### Summary

*Interval Analysis of Analog Circuits with Component Tolerances*

*Intervall-Analyse analoger Schaltungen mit Bauteiletoleranzen*

**Keywords**: interval analysis, interval arithmetic, analog circuits, symbolic preprocessing, tolerance analysis

In this thesis methods for interval analysis of tolerance affected analog circuits are investigated. For an efficient implementation, it is crucial to regard possible dependencies in circuit equations. Part and parcel of of this strategy is the handling of fill-in patterns for those parameters related to uncertain components. These patterns arise from linear circuit analysis, where they are used for efficient equation setup. With a view towards the incorporation of the methods in the industrial design flow, procedures are presented, which are capable of the treatment of a large number of tolerance affected components.

First, a brief description of tolerance-related issues and the application of interval analysis in analog circuit design is given. After a short introduction to interval arithmetic and derived algorithms, the basics of analog circuit analysis are explained. Additionally, symbolic preprocessing procedures are suggested for an improved equation formulation.

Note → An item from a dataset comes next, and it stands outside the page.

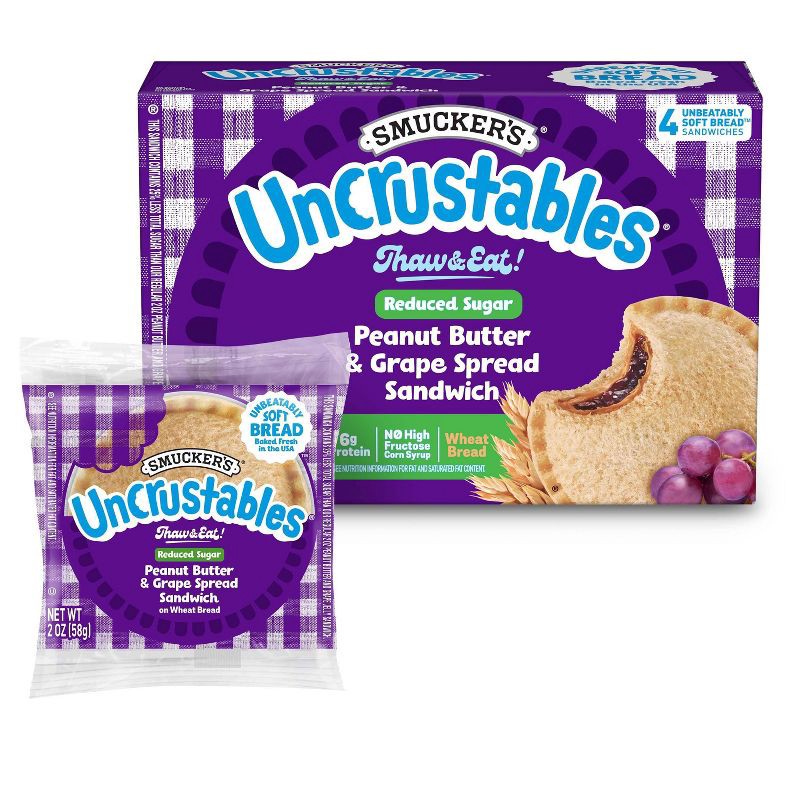 slide 2 of 9, Smucker's Uncrustables Frozen Whole Wheat Peanut Butter & Grape Jelly Sandwiches - 8oz/4ct, 4 ct; 8 oz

Then a convenient mathematical formulation for the special structure of matrix equations arising from linear analog circuits is introduced and extended to nonlinear components like diodes and transistors. On the top of this, algorithms tuned for accurate treatment of linear circuit equations are shown. Alternative variants are suggested, which admit the choice between accuracy or computation time reduction. This also includes routines for calculating tight bounds to the variance of the results of complex-valued linear systems from frequency-domain analysis.

Finally, the DC behavior of nonlinear circuits with uncertain parameters is analyzed using an extended interval-Newton solver. In particular, a methodology for computing a verified estimation of solution set around a given operating point is presented.

The algorithms developed in the context are illustrated by giving detailed examples in the environment of the circuit analysis tool Analog Insydes. The usability of the proposed methods in analog circuit design is demonstrated using practical application to real-world devices.